АНДРЕЕВСКИЙ Сергей Аркадьевич
29.12.1847 (10.1.1848) – 9.11.1918
Поэт, переводчик, критик (статьи о Лермонтове, Баратынском, Достоевском, Некрасове), мемуарист; по профессии юрист; послужил прототипом персонажей в произведениях Боборыкина, М. Горького, Мережковского. Публикации в журналах «Вестник Европы», «Новое время», «Русская мысль» и др. Сборник «Стихотворения» (СПб., 1886; изд. 2-е, 1898). Книги «Литературные чтения» (СПб., 1891; 4-е изд. под назв. «Литературные очерки» – СПб., 1913), «Книга о смерти (Мысли и воспоминания)» (т. 1–2, Ревель; Берлин, 1922). Друг З. Гиппиус.
«Об Андреевском было множество разных мнений: в большинстве хороших, никогда особенно дурных. Почти все считали его „дилетантом“: художники – дилетантом в искусстве, адвокаты – в адвокатуре. Тут есть доля правды. Только „дилетантизм“ надо взять безмерно глубже, как дилетантизм в земном бытии; тогда, может быть, сквозь самую слабость этого навеки опечаленного человека мы увидим „необщее выражение“ его души.
…В Андреевском, во всей его длинной, стройной фигуре, много изящества, много именно грации, женственной, природной, без всякого „мужского“ фатовства. Он это знает…Забегая ко мне постоянно – „на 17 минут!“, всегда затем отправляется „читать“. Неизвестно что, может быть, дело, может быть, Пушкина. Я не спрашиваю, смеемся, прощаемся. За эти семнадцать минут он уже успел рассказать все про себя – от важного до потери любимого кашне (впрочем, и это важно, кашне для него драгоценность!).
Подружились мы почти сразу. Не знаю, однако, назвать ли наши отношения „дружбой“? Хотя еще меньше – приятельством. Как ни странно, у этого человека, избалованного общим приветом, успехом, имеющего друзей, семью, наконец, любимую женщину, – не было „куда пойти“; с этим ощущением он и шел ко мне, и, думается, чувствовал себя чем-то вроде моей „подруги“. И подружество его было тесное, теплое, милое. Если, в первую голову, нужное ему самому, если мною он никогда особенно не интересовался, – то ведь нам обоим довольно было одного общего, неослабевающего, интереса: к нему самому, к С. А. Андреевскому.

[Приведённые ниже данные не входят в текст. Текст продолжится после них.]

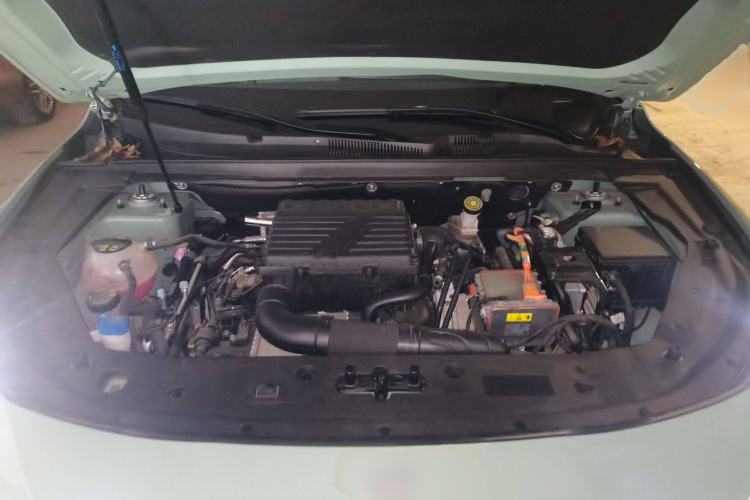 Used JETOUR X70 C-DM 2024 Far Voyage PRO 7-Seater Engine Bay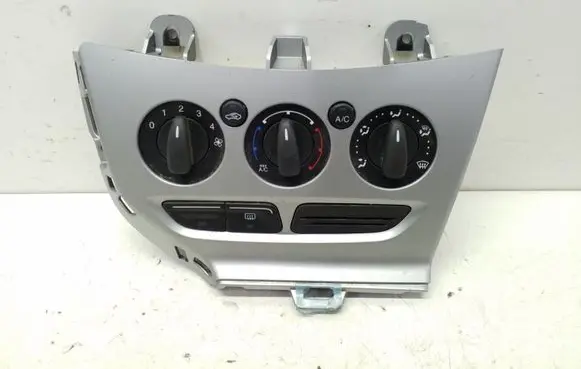 Ford Focus Climate control unit DM5118522AAW CM5T19980 CM5T14B418AB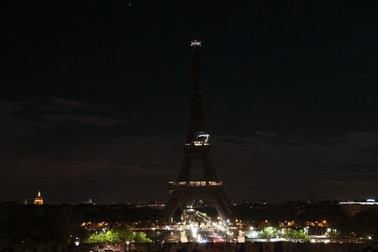 Luminile Turnului Eiffel din Paris s-au stins joi seară, în semn de omagiu pentru regină. Foto: Hepta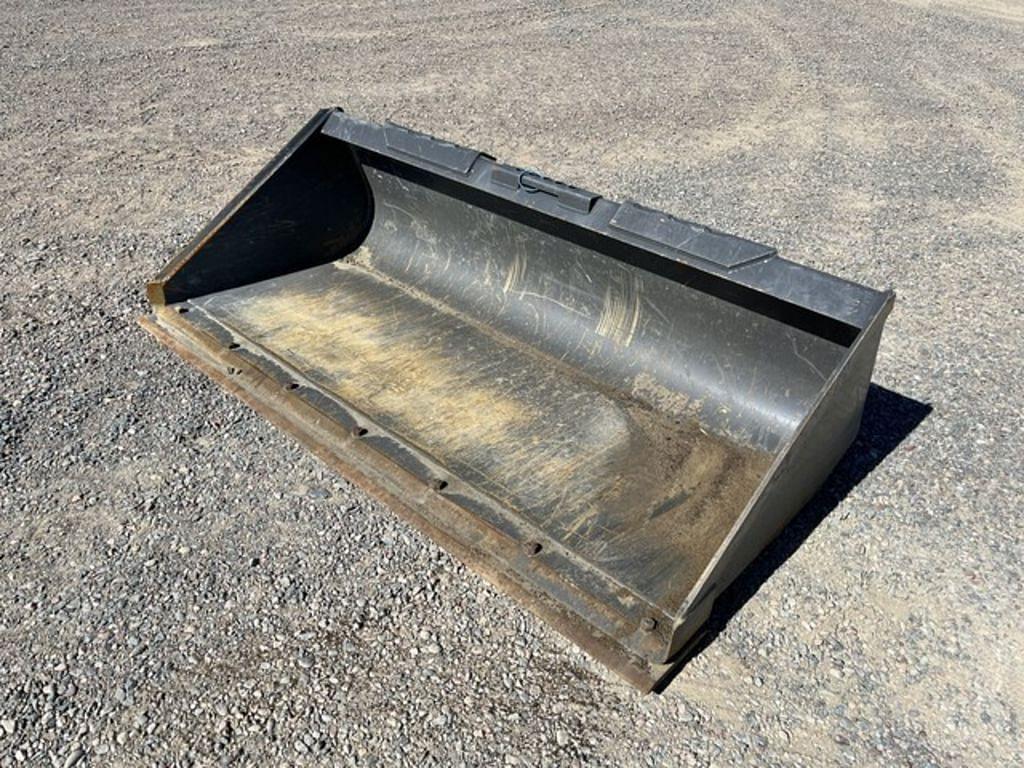 Image of New Holland Bucket Image 0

…Андреевский не был честолюбив. Коренное „недоумение, с которым он открыл глаза“ и продолжал жить, лишало его силы, потребной для страсти честолюбия. Но он был тщеславен, – невинно, ибо откровенно. Радовался написанному или какой-нибудь своей речи, и ужасно был доволен, если это нравилось другим. При тонком вкусе к поэзии он не мог долго увлекаться своими стихами и вполне искренно „отрицал“ их (отдельные строчки любил, впрочем, вспоминать и повторять). Да в стихах и не удавалось ему коснуться самого своего важного.
Сергей Андреевский
…Слово „эстет“, особенно в позднейшем понимании, не подходит к Андреевскому. Он – очень сын своего времени: его эстетизм – скорее „романтика“. Принято думать, что чуть не вся современность второй половины 19 века была реалистичной. Но романтика живуча, а идеализм умеет принимать всякие формы…Но Андреевский носил в себе не зерно романтизма-эстетизма, – он был романтик по преимуществу. Он в самом деле не видел разницы между своей речью, судебной или застольной, и, скажем, своим очерком о Лермонтове; сборником речей гордился как собранием поэм. На суде мне пришлось слышать его только раз. Высокая фигура, красиво-резкий профиль на белом фоне окна и – речь, такая же простая, как чтение Пушкина в комнате. Речи его, среди адвокатов, так и звались „поэтическими“. Андреевский любил вспоминать, что одну из них прямо начал двустишием:
Пассивность романтизма, с налетом как бы скепсиса, приближали Андреевского, с виду, к „эстетству“. Но то, что казалось скепсисом, не было ли только внешним отражением его недоуменной, вечной прикованности к загадкам жизни и смерти? А по существу, этот адвокат-поэт не остался ли романтиком, настоящим сыном своего времени? За его порог он так и не переступил. Политика и общественность его никогда не интересовали (чем он даже хвастался), но и в искусстве он не заметил движения жизни. Перелом 90–900-х годов оставил его добродушно-равнодушным. В период расцвета новой поэзии (хорошей или дурной, не в том дело) он написал статью о „смерти рифмы“, носился с мыслью, что всякие стихи вообще кончены. Не говоря о Блоке и позднейших, он никогда не считал „поэтами“ ни Сологуба, ни Брюсова, ни Бальмонта…» (З. Гиппиус. Все непонятно).